### Exercise directions
Copy task, pictures excluded: set down exactly the lines from the one containing "三色堇系列：日式紙紋理裝飾畫框與三色堇 136272239" to the end of the data below.

### Data for processing
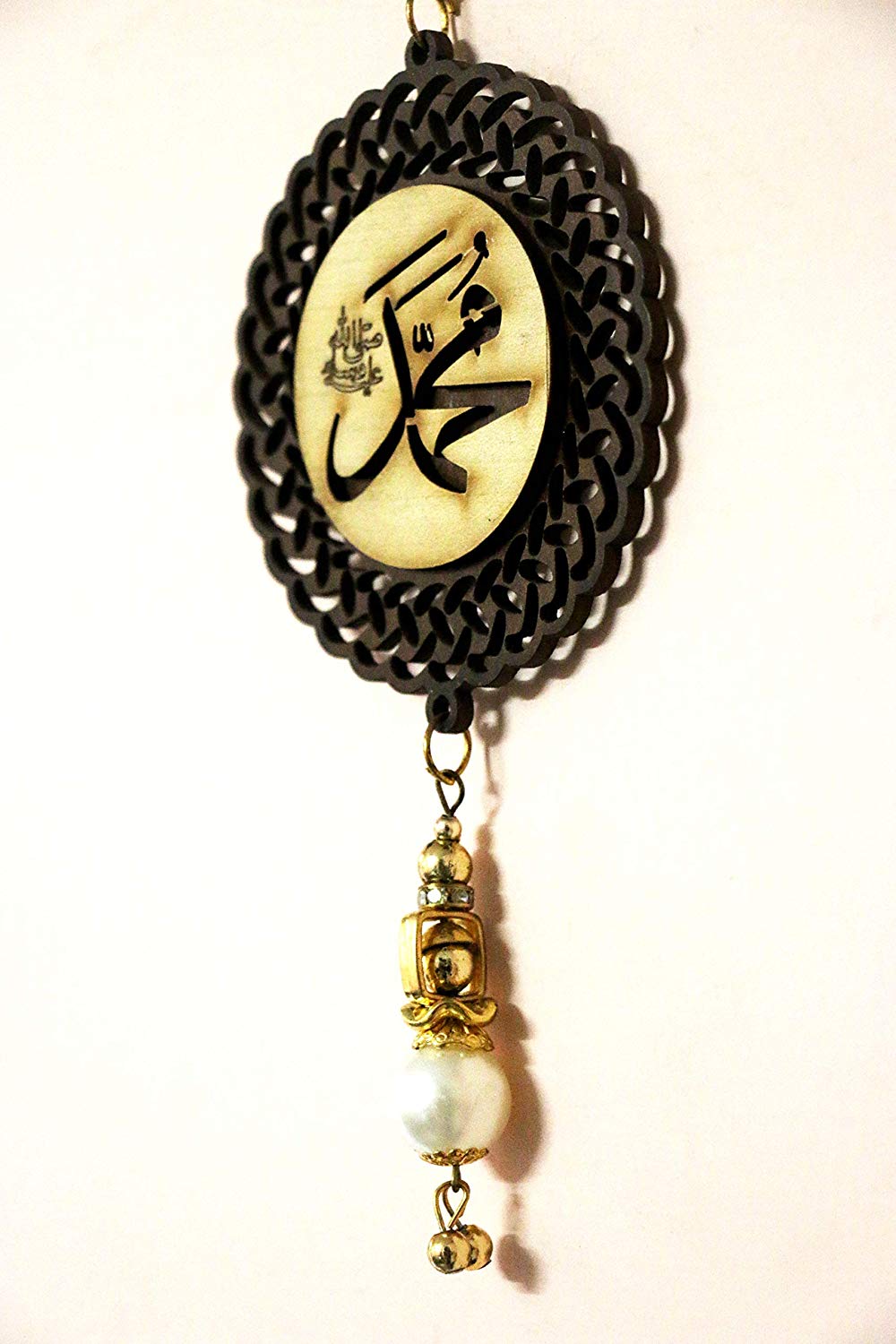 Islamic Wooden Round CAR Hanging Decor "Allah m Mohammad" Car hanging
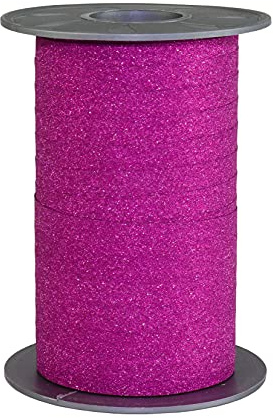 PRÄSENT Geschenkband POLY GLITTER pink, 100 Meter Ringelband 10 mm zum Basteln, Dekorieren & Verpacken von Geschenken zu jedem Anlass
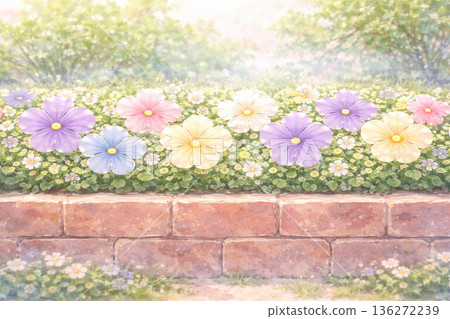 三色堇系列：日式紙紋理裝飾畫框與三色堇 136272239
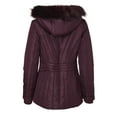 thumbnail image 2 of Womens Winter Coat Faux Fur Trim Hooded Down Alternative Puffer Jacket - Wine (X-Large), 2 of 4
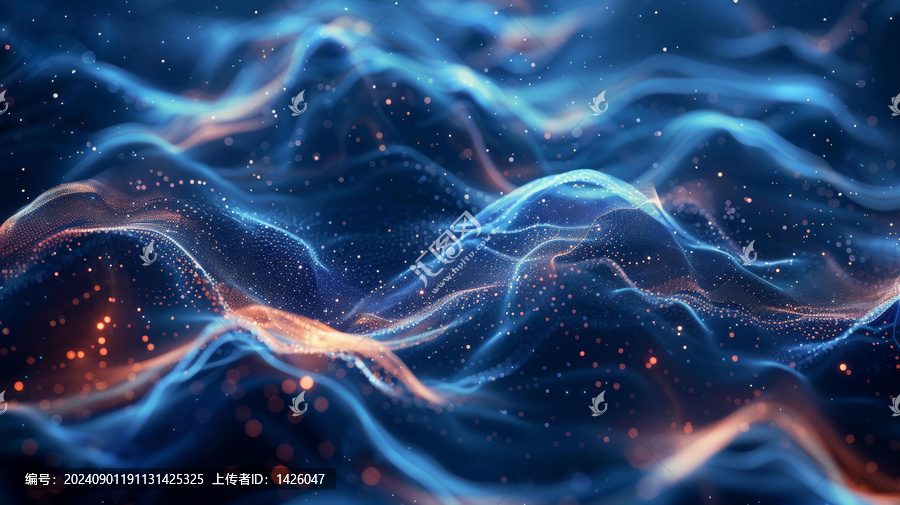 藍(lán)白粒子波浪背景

### Result of this exercise
 三色堇系列：日式紙紋理裝飾畫框與三色堇 136272239
 thumbnail image 2 of Womens Winter Coat Faux Fur Trim Hooded Down Alternative Puffer Jacket - Wine (X-Large), 2 of 4
 藍(lán)白粒子波浪背景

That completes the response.